▶ **TASK**
Pictures are to be dropped from the copy. Retype the listing exactly.

▶ **RAW DATA**
● ● ● ● ● ● ●
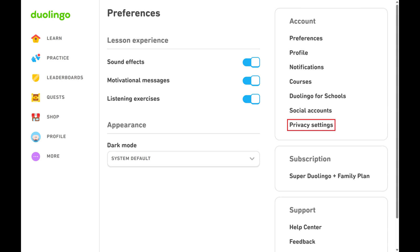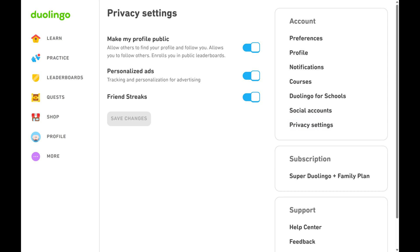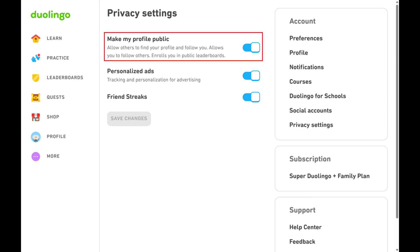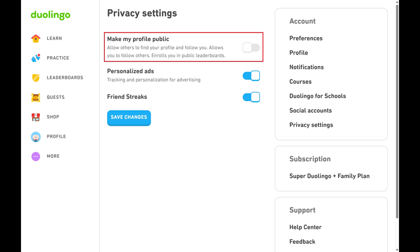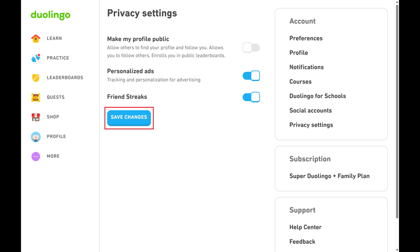Step 3. Navigate to the Accounts section, and then click Privacy Settings. Step 4. Click to toggle off Make My Profile Public, and then click Save Changes. Your Duolingo profile will now be private, and leagues will be disabled for your account.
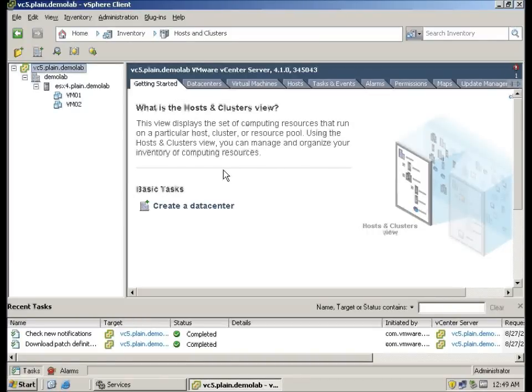Hi, this is Wee Kiong again. Today we will be going through how to upgrade vCenter 4.1 to vCenter 5.0.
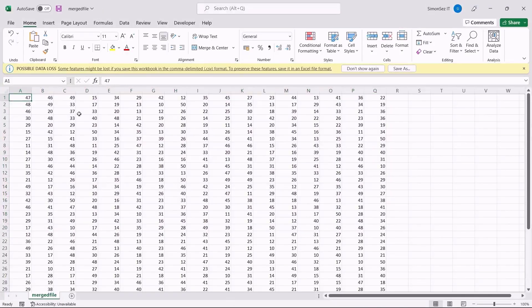That is all, everyone. In this video, we saw how to merge files in Excel in five proven ways.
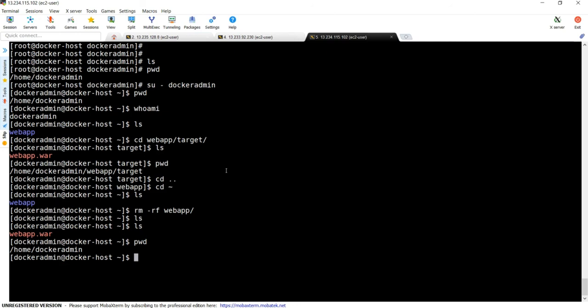All right, now we want to copy this artifact onto our Docker container, which we are going to create newly. For that purpose, we need to write a Dockerfile. In the next video I will show you how to write a Dockerfile.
● ● ● ● ● ● ●
▶ **SOLUTION**
Step 3. Navigate to the Accounts section, and then click Privacy Settings. Step 4. Click to toggle off Make My Profile Public, and then click Save Changes. Your Duolingo profile will now be private, and leagues will be disabled for your account.
Hi, this is Wee Kiong again. Today we will be going through how to upgrade vCenter 4.1 to vCenter 5.0.
That is all, everyone. In this video, we saw how to merge files in Excel in five proven ways.
All right, now we want to copy this artifact onto our Docker container, which we are going to create newly. For that purpose, we need to write a Dockerfile. In the next video I will show you how to write a Dockerfile.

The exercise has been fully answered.